FYI Watch the ESA (hopefully) land a probe on a comet 500 million kilometers from Earth

whats even cooler thats launching in 16 is the bennu mission, where we're going to go do the same thing. Land on the asteroid. Drill into it, TAKE OFF, FLY BACK TO EARTH, and deliver the sample.
 
whats even cooler thats launching in 16 is the bennu mission, where we're going to go do the same thing. Land on the asteroid. Drill into it, TAKE OFF, FLY BACK TO EARTH, and deliver the sample.

I've seen enough movies on Sci-Fi to know that this will only result in an alien microorganism infecting 99% of life on this planet.
 
  • Gravy
Reactions: Peppers
I've seen enough movies on Sci-Fi to know that this will only result in an alien microorganism infecting 99% of life on this planet.

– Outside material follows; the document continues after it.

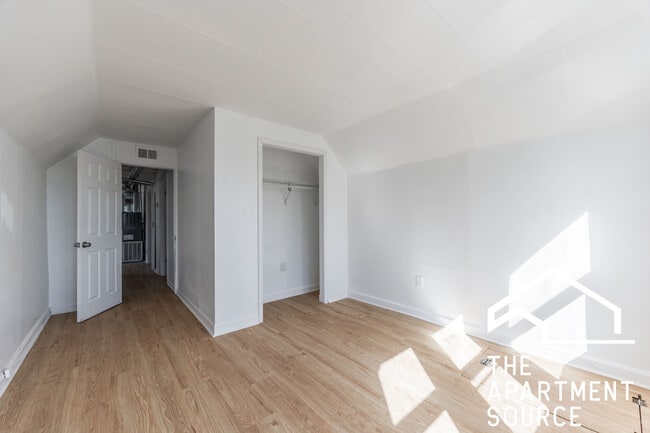 Foto del edificio - 2334 N Ridgeway Ave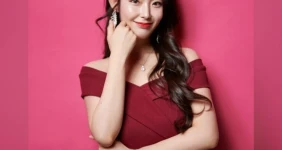 옷차림이 유난히 화려한 하연정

the thing is, they've already kinda done this one in 1999-2006. No landing, but we intercepted a comet, captured a bunch of its dust in a capsule, and brought that back to earth. We're not dead yet from that one.
 
the thing is, they've already kinda done this one in 1999-2006. No landing, but we intercepted a comet, captured a bunch of its dust in a capsule, and brought that back to earth. We're not dead yet from that one.
Yeah, we used that crazy fucking gel that almost literally weighs nothing. :cool:
 
I like that it has a 'state of the art' 4 megapixel camera. Somewhere in space there's a Betamax or Super 8 recorder capturing 'state of the art' video.
 
the thing is, they've already kinda done this one in 1999-2006. No landing, but we intercepted a comet, captured a bunch of its dust in a capsule, and brought that back to earth. We're not dead yet from that one.

Isnt that the one that crashed in the desert and some asshole photographer ran right up to it for pictures, even after everyone said not to?
 
So, I kinda know a guy that worked on the trajectory calculations and mockups for the mid-orbit rendezvous for Rosetta. He worked for the ESA before coming to VT for his PhD in astrophysics.